THE PROBLEM
Your answer must be exactly the lines from the one containing "4th image of 3400 Grandview Dr" through the end of the material, both ends included, without pictures.

AVAILABLE DATA
......

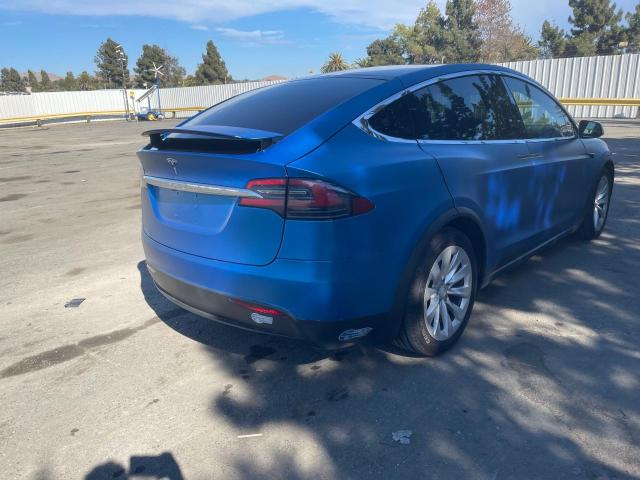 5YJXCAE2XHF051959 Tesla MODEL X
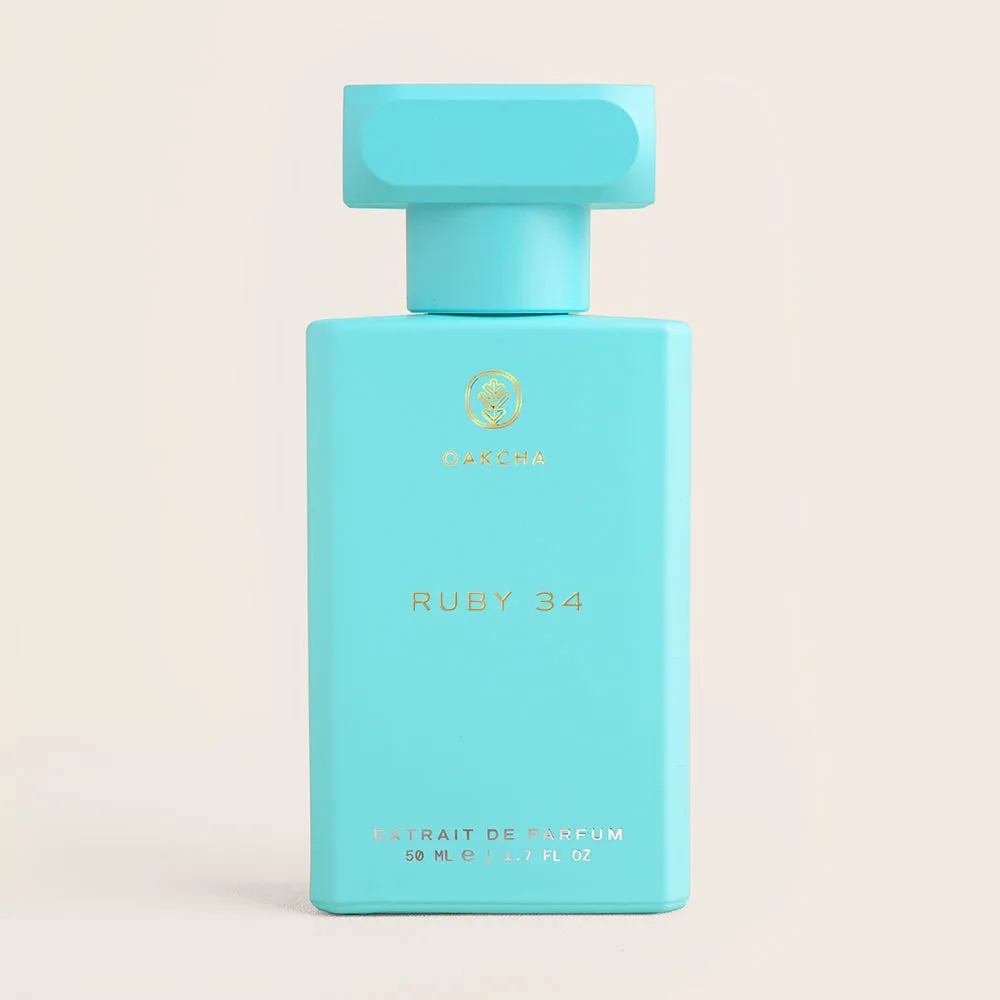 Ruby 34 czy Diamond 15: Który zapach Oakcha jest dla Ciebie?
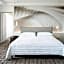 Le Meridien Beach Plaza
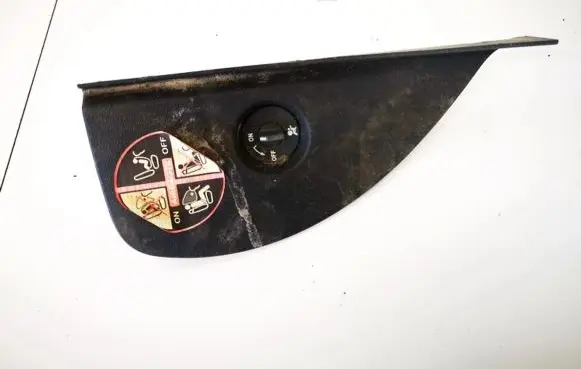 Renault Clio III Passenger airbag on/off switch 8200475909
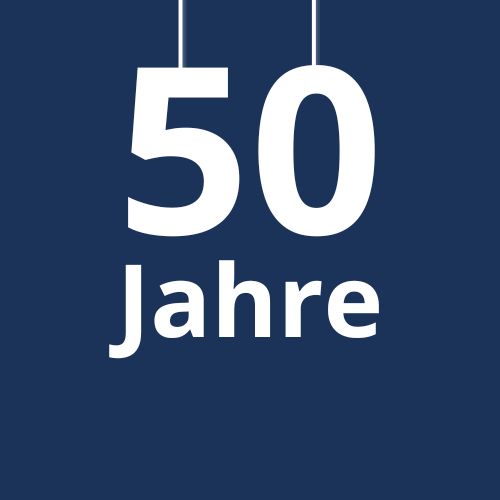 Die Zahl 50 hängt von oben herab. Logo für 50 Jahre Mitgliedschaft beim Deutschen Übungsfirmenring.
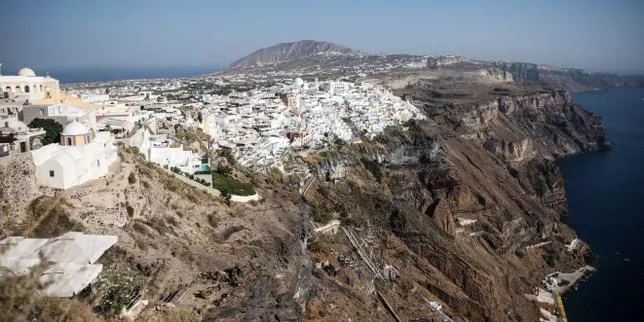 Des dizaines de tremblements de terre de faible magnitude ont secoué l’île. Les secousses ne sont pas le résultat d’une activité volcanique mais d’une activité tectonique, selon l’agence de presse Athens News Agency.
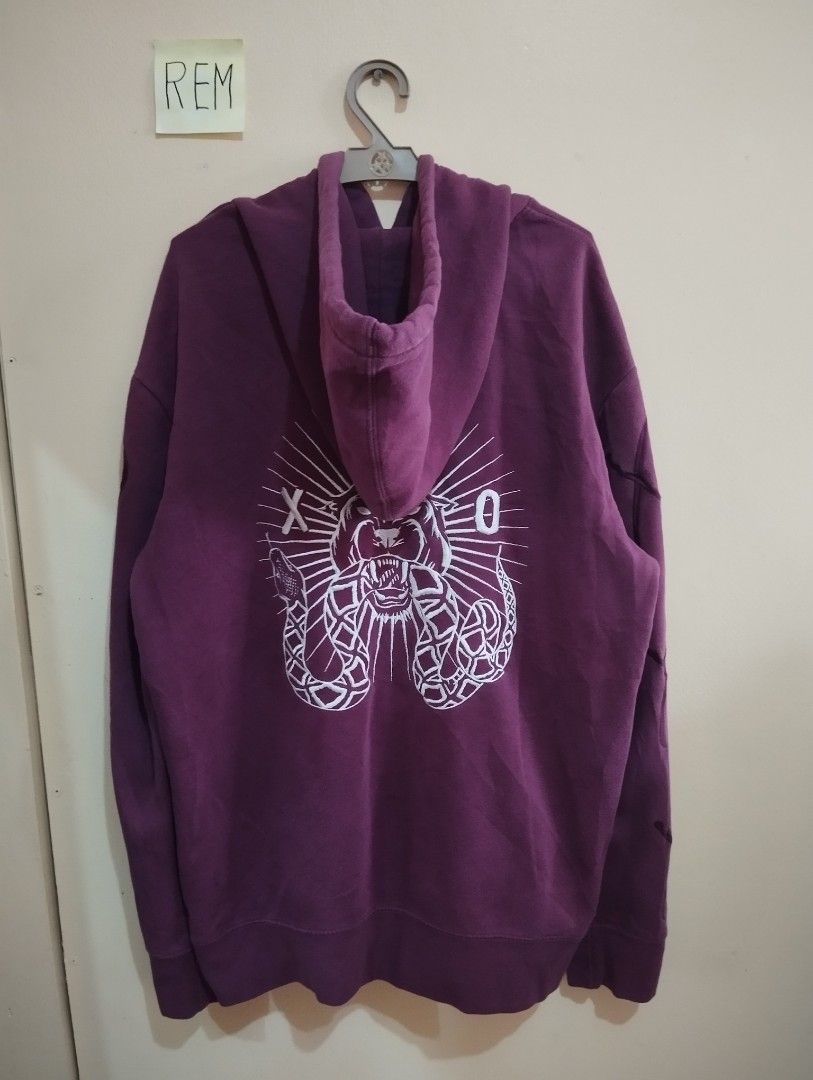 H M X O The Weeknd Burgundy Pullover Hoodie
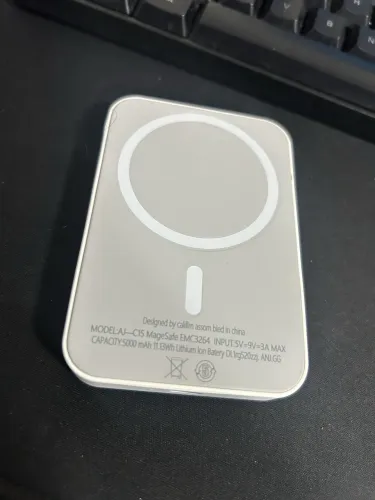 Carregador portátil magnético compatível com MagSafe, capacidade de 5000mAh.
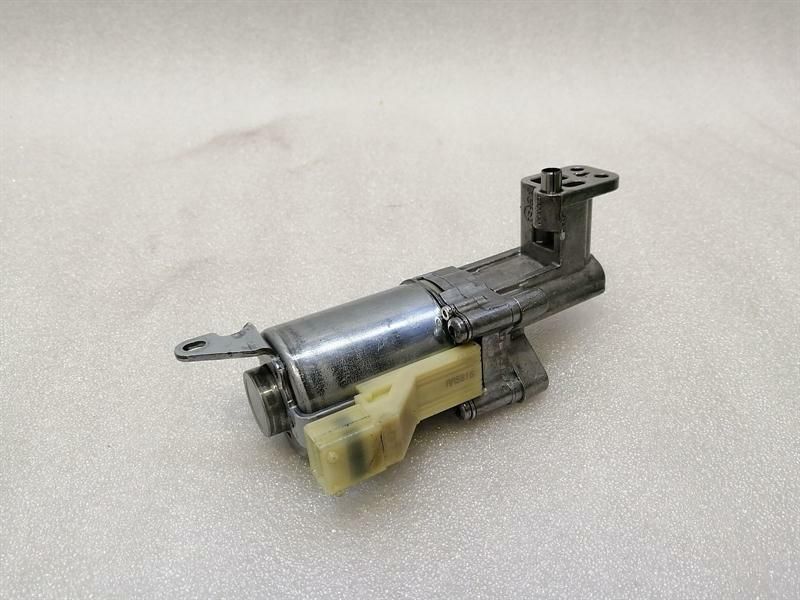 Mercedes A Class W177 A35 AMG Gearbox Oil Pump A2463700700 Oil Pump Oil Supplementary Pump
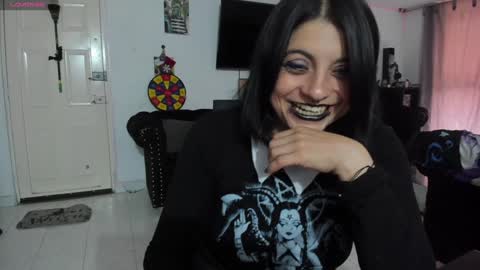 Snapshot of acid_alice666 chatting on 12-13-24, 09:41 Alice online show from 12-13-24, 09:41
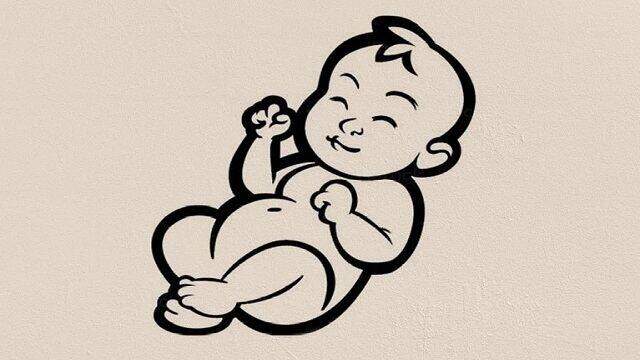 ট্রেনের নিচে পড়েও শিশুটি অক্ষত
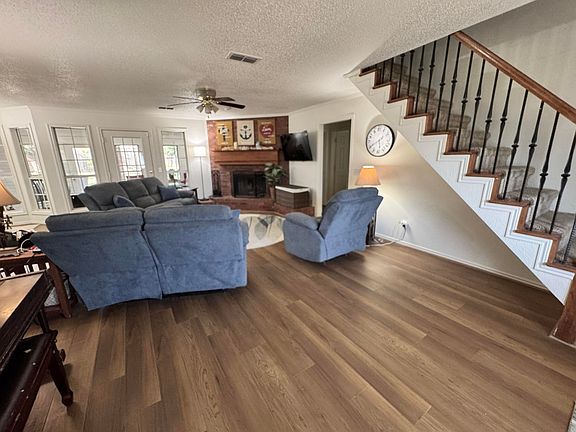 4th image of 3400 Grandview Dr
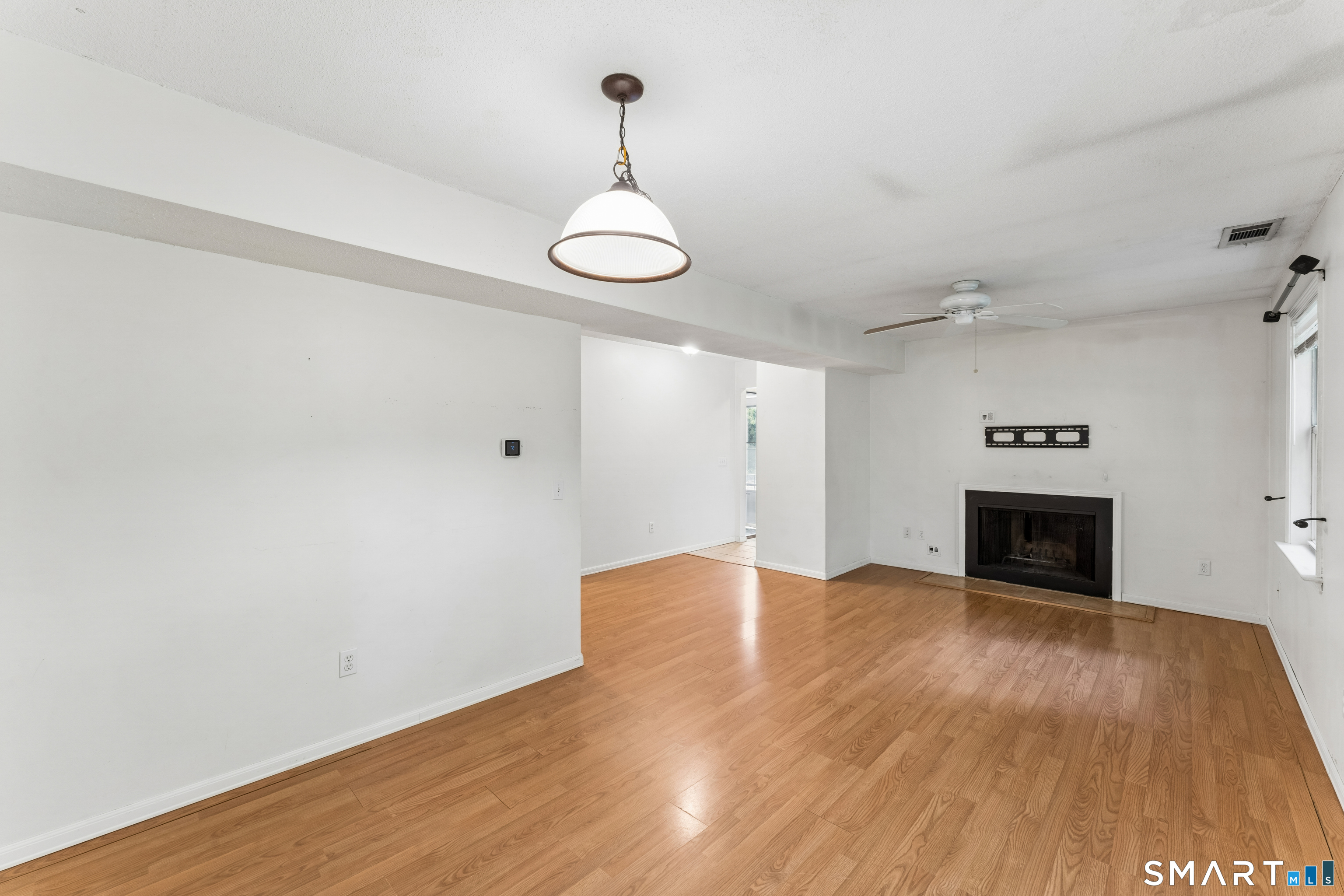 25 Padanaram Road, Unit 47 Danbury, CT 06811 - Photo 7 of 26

......

ANSWER BOX
 4th image of 3400 Grandview Dr
 25 Padanaram Road, Unit 47 Danbury, CT 06811 - Photo 7 of 26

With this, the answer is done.